Three operational characteristics derived from the evidence inform interpretation of the thermal signal:
bilateral asymmetry in homologous ROIs;
task- or stimulus-induced variation relative to baseline (ΔT); and,
temporal recovery dynamics following standardized tasks or provocations [38, 54, 55].
In occupationally focused applications, these characteristics are used predominantly to describe functional deviations associated with exposure and demand, rather than to replace clinical assessment or to infer structural changes in isolation [9, 33, 56]. This framing is consistent with the frequently multifactorial nature of WMSDs and with the need for contextualization by task, anatomical segment, and protocol comparability [9, 13, 33].

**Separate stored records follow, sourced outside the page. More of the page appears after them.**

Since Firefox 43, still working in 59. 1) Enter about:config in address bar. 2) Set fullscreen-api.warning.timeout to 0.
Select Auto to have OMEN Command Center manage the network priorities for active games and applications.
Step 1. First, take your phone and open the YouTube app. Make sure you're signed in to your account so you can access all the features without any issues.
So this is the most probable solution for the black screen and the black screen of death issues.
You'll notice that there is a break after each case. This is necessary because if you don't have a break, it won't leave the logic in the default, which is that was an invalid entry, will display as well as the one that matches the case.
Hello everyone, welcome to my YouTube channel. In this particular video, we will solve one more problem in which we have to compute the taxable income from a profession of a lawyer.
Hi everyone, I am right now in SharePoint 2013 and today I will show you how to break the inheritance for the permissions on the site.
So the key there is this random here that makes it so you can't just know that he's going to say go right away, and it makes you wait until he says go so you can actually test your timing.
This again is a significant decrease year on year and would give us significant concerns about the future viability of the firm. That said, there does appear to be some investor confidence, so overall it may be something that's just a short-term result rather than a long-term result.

The thematic compilation indicates that interpretability of the IRT thermal signal, especially for between-subject comparisons and longitudinal monitoring, depends critically on standardization and QC [33, 52, 53] (Table 2). Because cutaneous temperature is sensitive to environmental variables and multiple behavioral confounders, gaps in standardization can compromise the physiological attribution of observed thermal differences [33, 52, 53].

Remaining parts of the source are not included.